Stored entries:
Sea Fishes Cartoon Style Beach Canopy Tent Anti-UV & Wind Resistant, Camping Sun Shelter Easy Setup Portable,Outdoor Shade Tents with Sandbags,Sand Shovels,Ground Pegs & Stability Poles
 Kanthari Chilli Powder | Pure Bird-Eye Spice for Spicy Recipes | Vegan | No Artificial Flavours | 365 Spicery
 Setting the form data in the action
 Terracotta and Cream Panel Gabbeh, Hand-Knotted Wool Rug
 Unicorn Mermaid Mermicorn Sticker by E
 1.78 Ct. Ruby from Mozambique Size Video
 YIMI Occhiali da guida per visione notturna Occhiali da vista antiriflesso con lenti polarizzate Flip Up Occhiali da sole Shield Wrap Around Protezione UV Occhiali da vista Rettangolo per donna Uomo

▶ [Exercise instructions]:
While keeping every line the same, please copy out all the records.

▶ [Task output]:
Sea Fishes Cartoon Style Beach Canopy Tent Anti-UV & Wind Resistant, Camping Sun Shelter Easy Setup Portable,Outdoor Shade Tents with Sandbags,Sand Shovels,Ground Pegs & Stability Poles
 Kanthari Chilli Powder | Pure Bird-Eye Spice for Spicy Recipes | Vegan | No Artificial Flavours | 365 Spicery
 Setting the form data in the action
 Terracotta and Cream Panel Gabbeh, Hand-Knotted Wool Rug
 Unicorn Mermaid Mermicorn Sticker by E
 1.78 Ct. Ruby from Mozambique Size Video
 YIMI Occhiali da guida per visione notturna Occhiali da vista antiriflesso con lenti polarizzate Flip Up Occhiali da sole Shield Wrap Around Protezione UV Occhiali da vista Rettangolo per donna Uomo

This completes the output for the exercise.